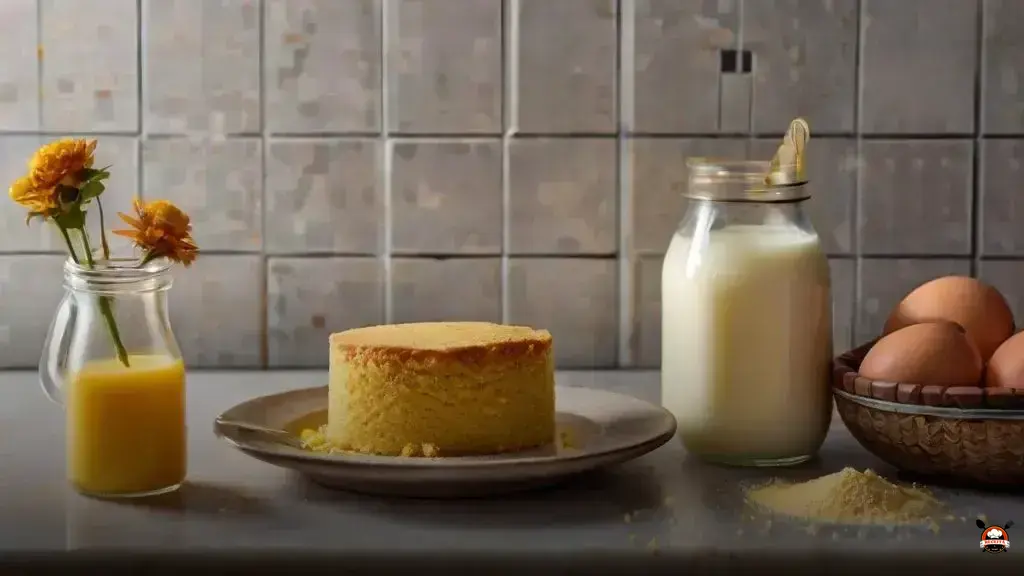 Como fazer bolo de fubá perfeito para seu café da tarde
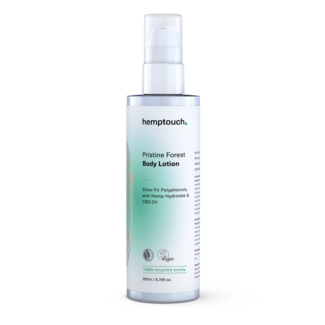 Hemptouch Pristine forest body lotion 200.00 Milliliter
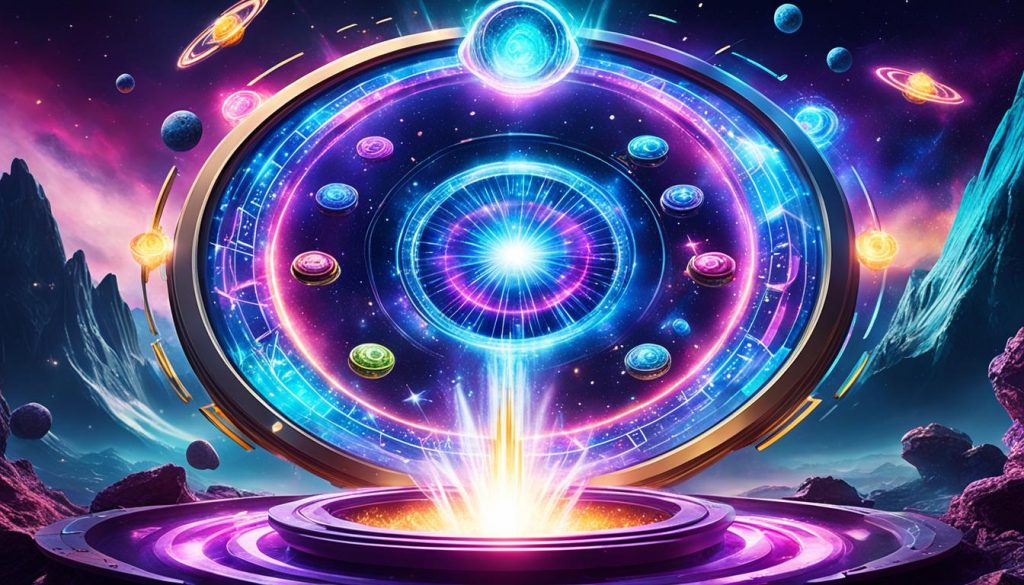 Galaksi Taruhan Mistik Bandar Togel Online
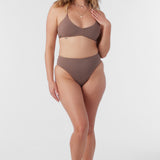 Saltwater Solids Huntington Bralette Top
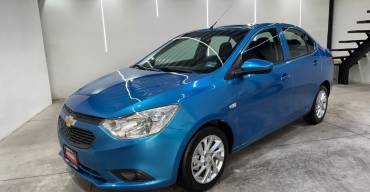 CHEVROLET AVEO LT 2018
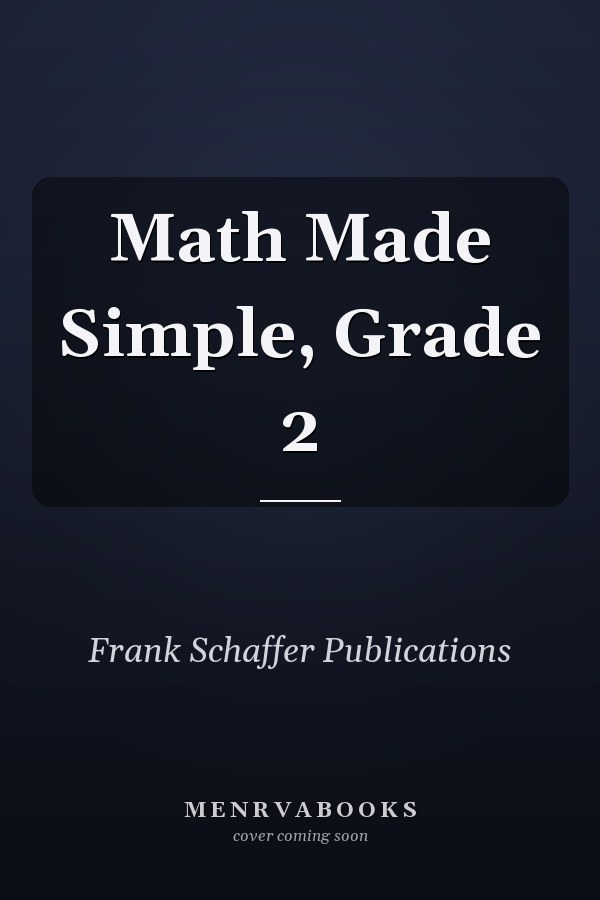 Math Made Simple, Grade 2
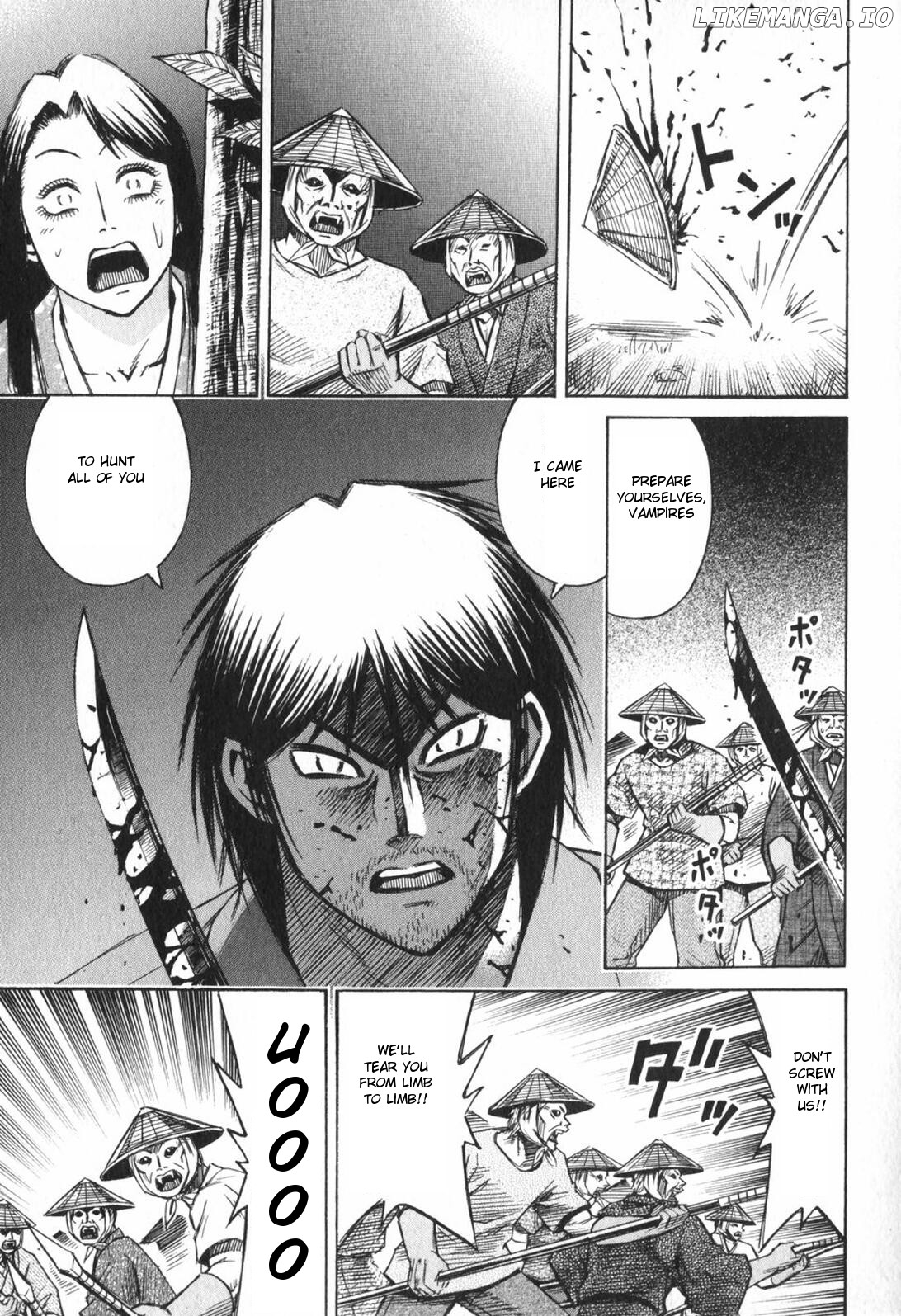 Higanjima - Manga Chapter 217 - page 5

——————

The problem
With the pictures removed, please retype each record exactly.

Written answer
 Como fazer bolo de fubá perfeito para seu café da tarde
 Hemptouch Pristine forest body lotion 200.00 Milliliter
 Galaksi Taruhan Mistik Bandar Togel Online
 Saltwater Solids Huntington Bralette Top
 CHEVROLET AVEO LT 2018
 Math Made Simple, Grade 2
 Higanjima - Manga Chapter 217 - page 5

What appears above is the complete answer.